‘The biggest ARIA Awards we’ve ever had’: Dan Rosen [op-ed]
The ARIA Awards are the biggest night of the year for the Australian music industry, and this year was a worthy celebration of all the success we’ve had in 2019.
The celebration lasted across Oz Music Month and ARIA Week, culminating in the awards show last Wednesday (November 27). A week on from the ARIAs, it’s a good time to really reflect on how well things went on Australian music’s night of nights.
Of course, the story of the evening was Tones And I. Capping off an incredible year, with 18 weeks at #1 on the ARIA Singles Chart, she opened the ARIAs with an amazing version of Dance Monkey. I know people loved it because it is already the most viewed video on ARIA’s YouTube Channel.
Let’s not forget about her speeches. Tones has been keeping away from the media since her success has taken her to global stardom. So it was truly special for Australia, and the world, to finally see her speak with such frankness and openness. And she was joined by other artists who showed their authentic and passionate selves when accepting their awards, be it Dan Sultan, Guy Sebastian, Kaiit, or our Hall Of Fame inductees, Human Nature.
Across all the platforms that make up our modern life – free-to-air, catch up, online and social – this was the biggest ARIA Awards we’ve ever had.
For the first time ever, we made all the performances and speeches from this year’s ARIA Awards available on YouTube after the show.

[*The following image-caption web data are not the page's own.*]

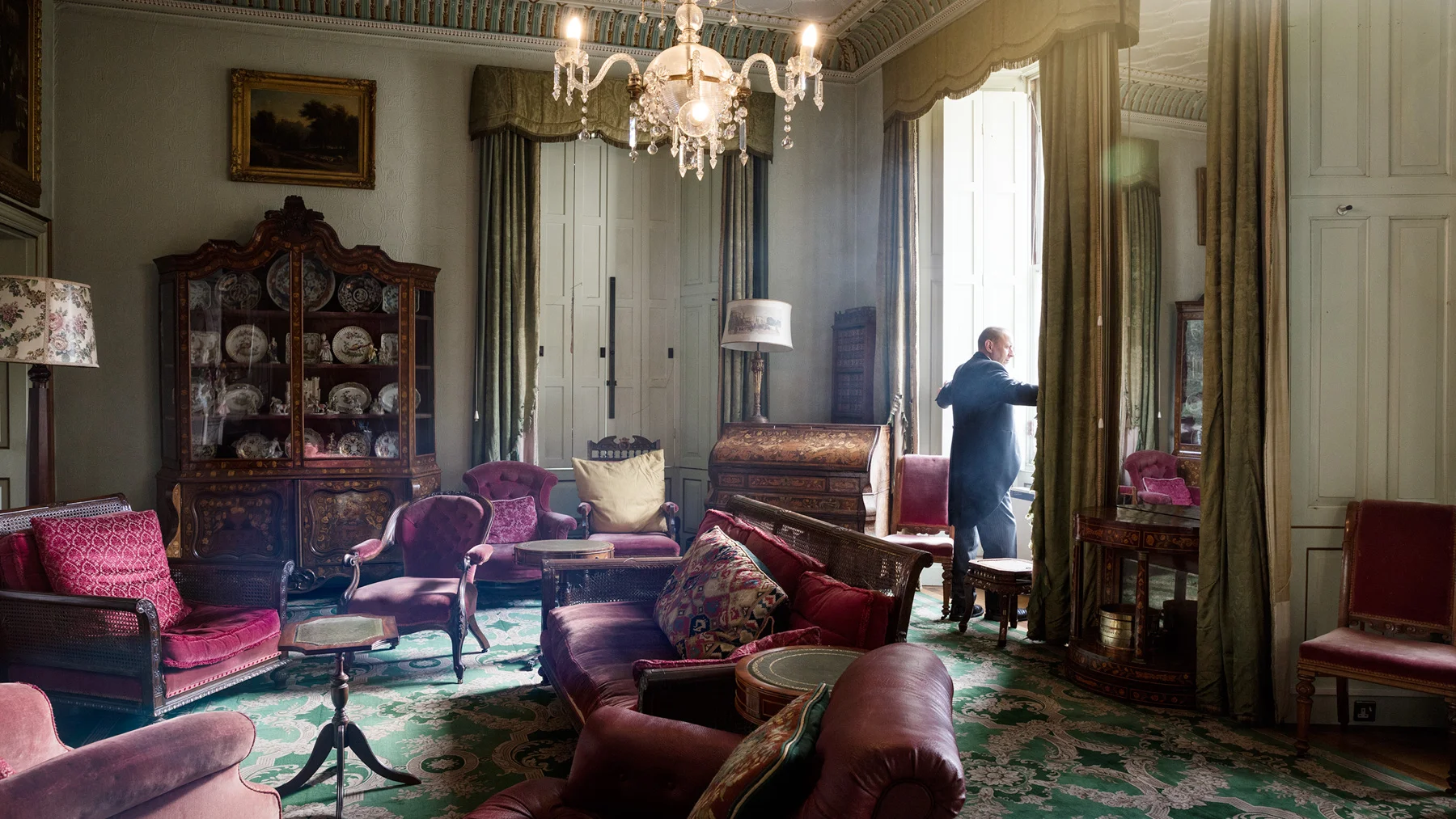 henrik-knudsen-the-manor-01.jpg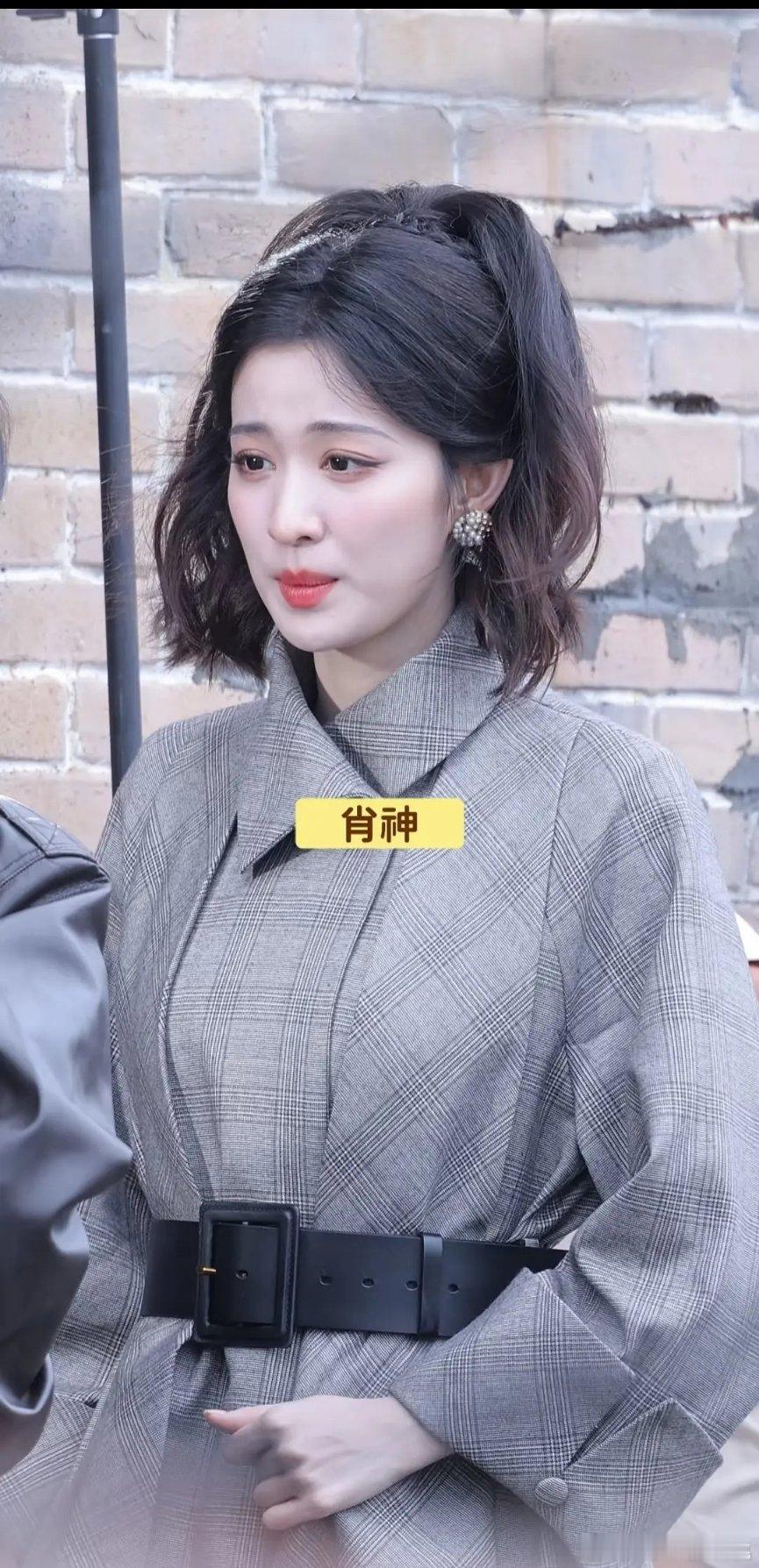 这剧服化这么招笑呢 ​​​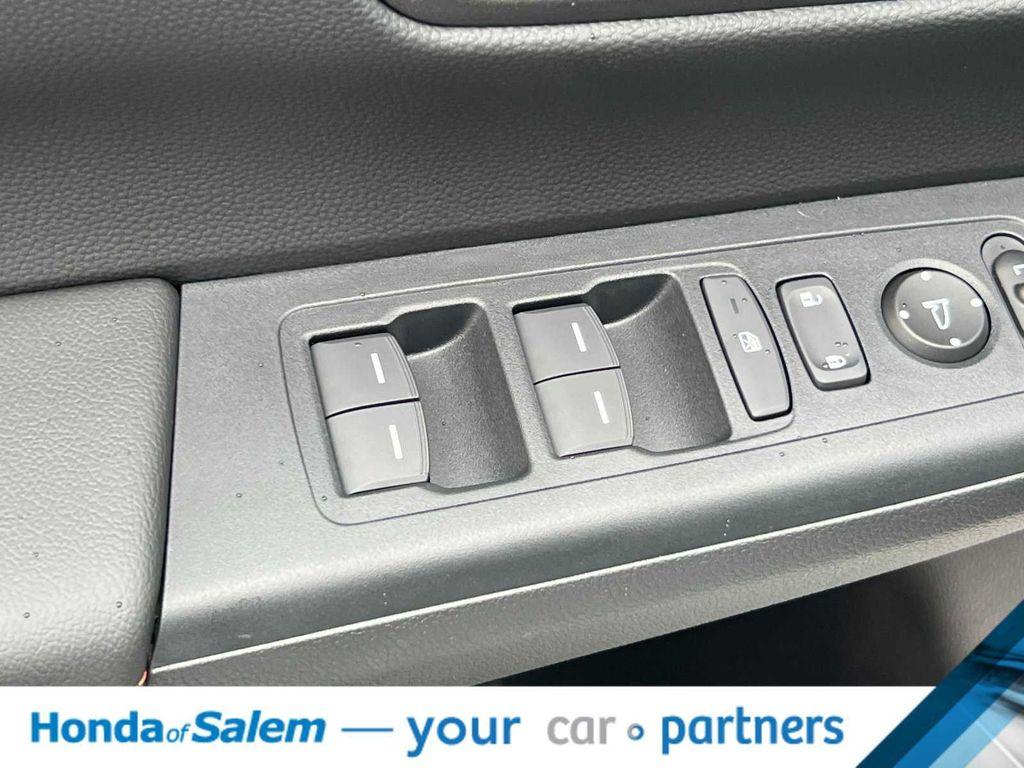 new 2025 Honda CR-V Hybrid car, priced at $37,875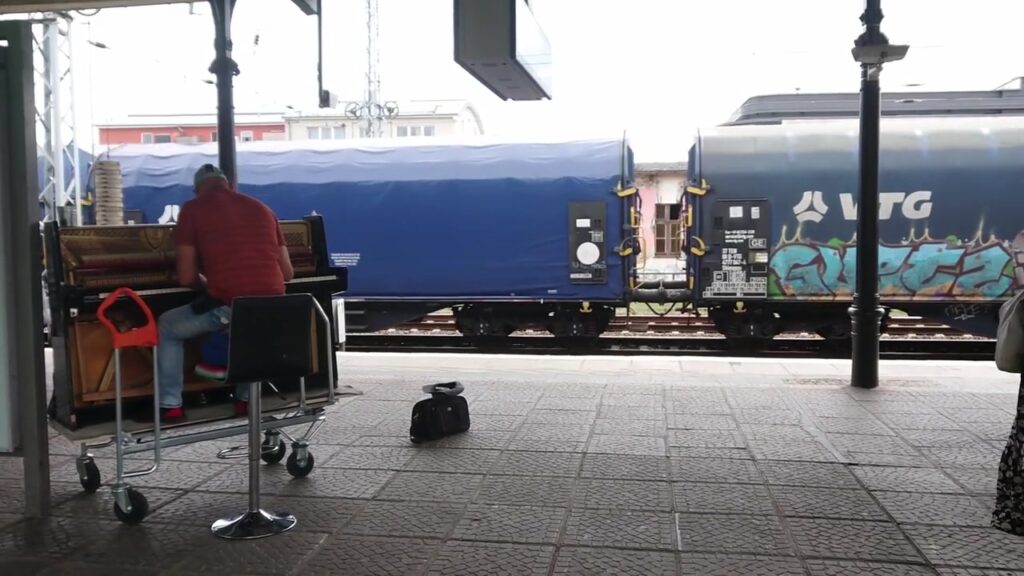 Klavierspiel auf dem Bahnsteig am Bahnhof Köpenick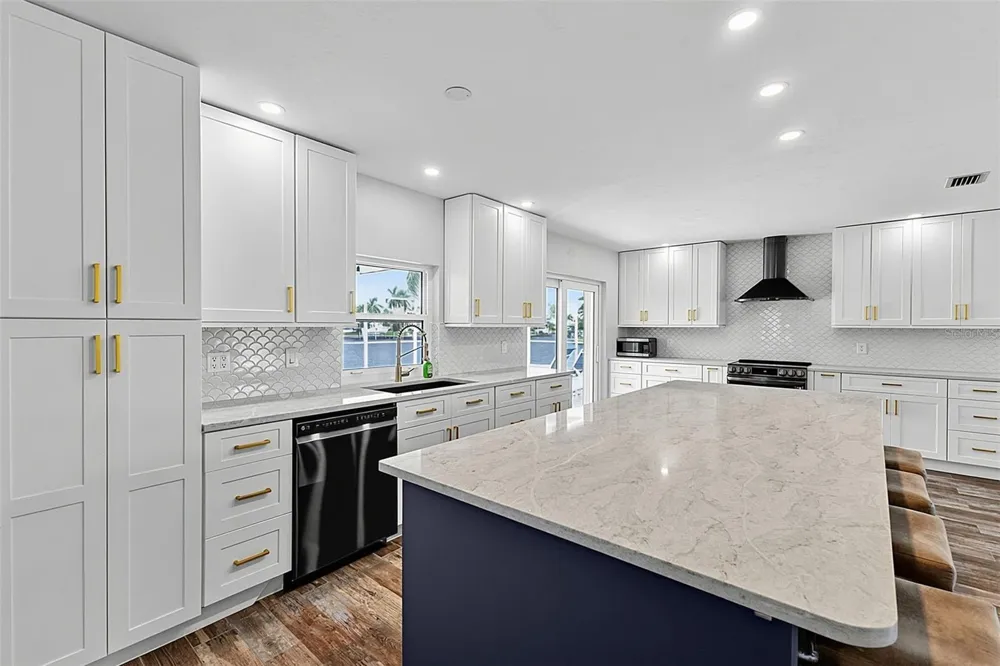 1230 SWAN COURT Punta Gorda, FL 33950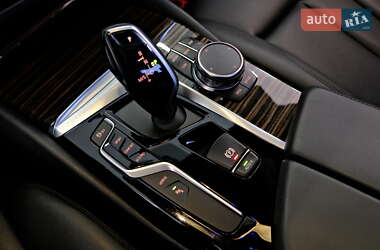 Седан BMW 5 Series 2018 в 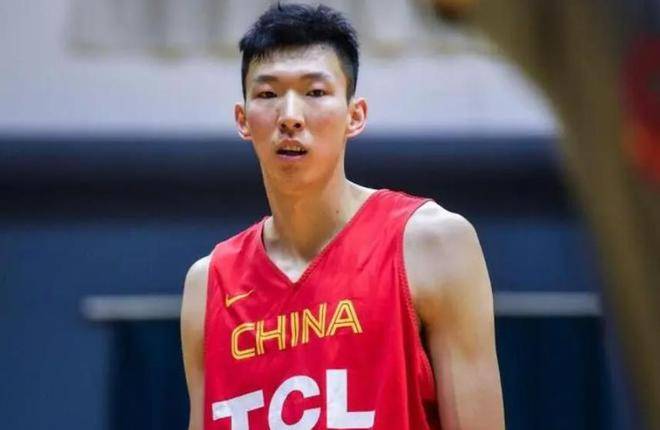 周琦加盟北京首钢？悬念揭晓，翟小川喊话，名记透露最新情况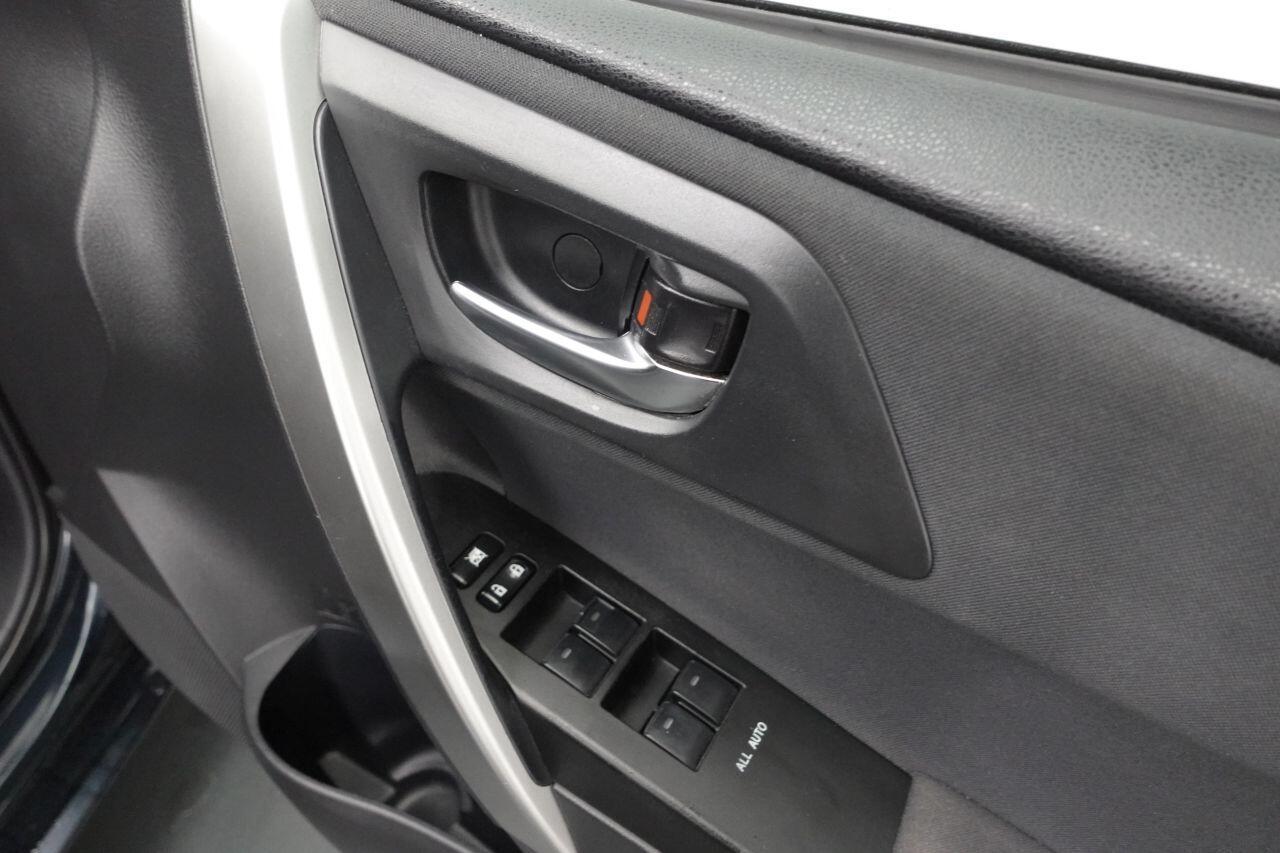 Toyota Auris - Image 18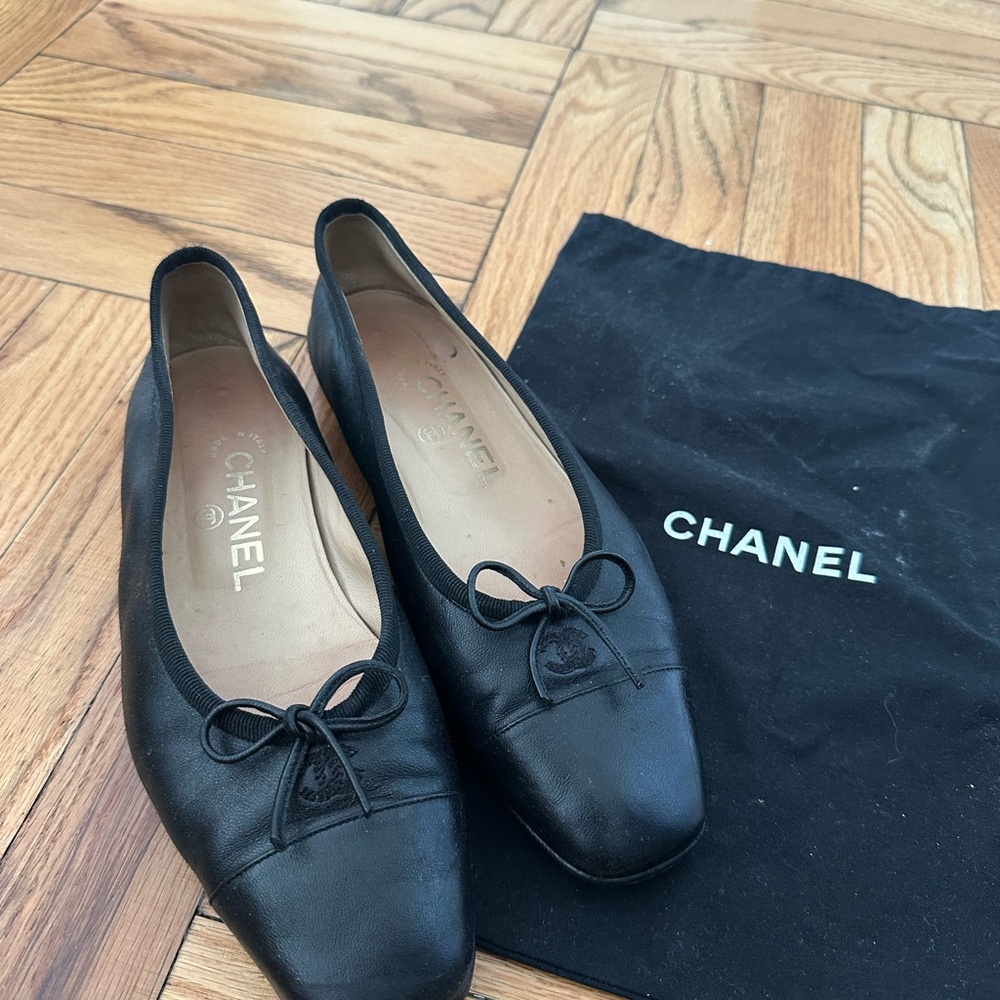 CHANEL Black Flats with Bow Detail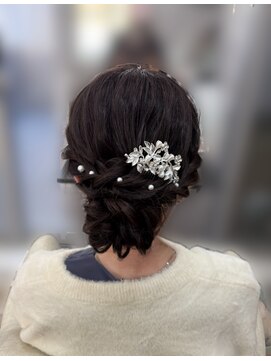 エルディ 大宮(eldy) シニヨン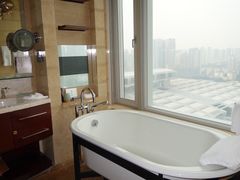 行政套房浴室-深圳星河丽思卡尔顿酒店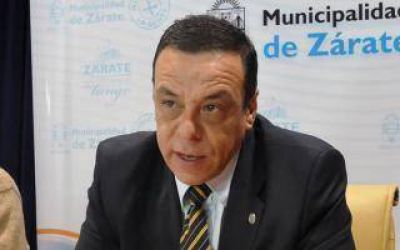 Z�rate: Denuncian a C�ffaro por gasto millonario en Cumbre del Tango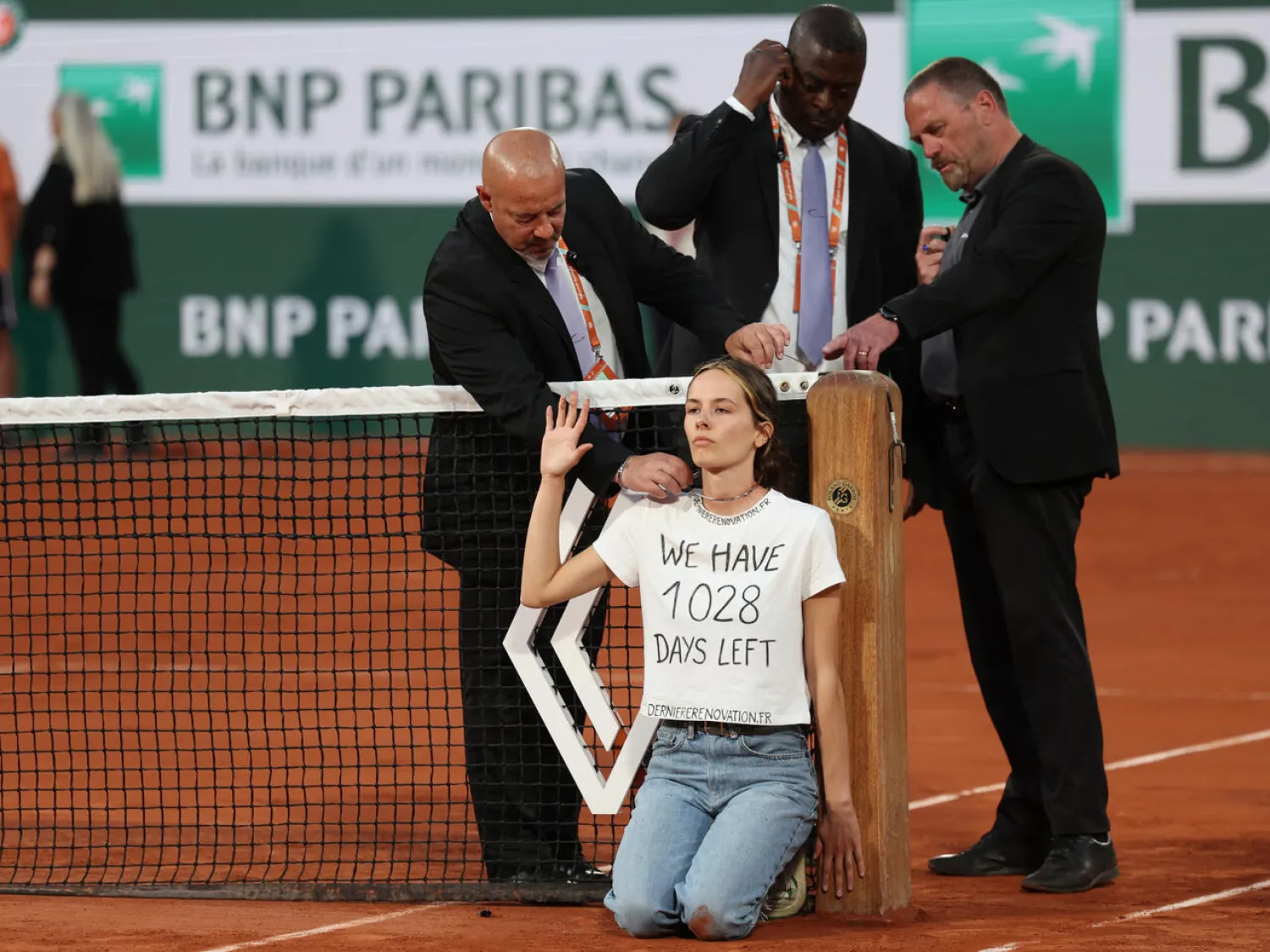 Protest: The court invader is removed from the court by security officials. Thomas SAMSON AFP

In less than 24 hours, we hit 1 million views. We can see just how much people loved the performances, speeches and magic moments. This couldn’t have happened without YouTube Music, our new partner, and I thank them for their support.
We can see the incredible reaction across social media. We started trending at #1 in Australia at 2pm, when the Red Carpet started, and we were still there at 11pm, 9 hours later, when people were finally going to sleep (… unless you were at one of the after-parties). ‘ARIAs’ also managed to trend in 74 cities around the world.
Of course, music fans love social media. But they also tuned in to the Nine Network broadcast, which hit a peak national audience of over 700,000. Most importantly the ARIA Awards was the #1 show on TV for the evening in the key demographic of people under 50-years-old.
But there’s no point having a big platform if we cannot shine a light on great Australian music. And if the ARIA Awards’ role is to spotlight Australian music to a bigger audience, then I couldn’t be prouder of the job we’ve done. We had seven incredible Australian performances. Four of them had never performed at the ARIAs before, but hundreds of thousands of people know of them now.
In fact, it was the year for new artists. 11 of the 22 awards given out on the night went to first time nominees. From Tones And I to Amyl and the Sniffers, these are the new voices that were selected by their peers, fellow musicians and industry experts who make up the 800 strong ARIA Voting Academy.
We will look back at 2019 as the year new music dominated, and the year that tomorrow’s superstars emerged. And I was very proud to announce on the night that over $250,000 had been raised for our music community’s charity Support Act through AusMusic T-Shirt Day – an initiative started by ARIA five years ago and grown in partnership with triple j.
A week on from the 2019 show, we are already starting to talk about what the 2020 ARIA Awards will look like. The nature of these shows, and what the audiences want, will change. But what will not change is the ARIA Awards role in bringing the best Australian music we have to offer to the biggest audience we can engage throughout Australia and around the world.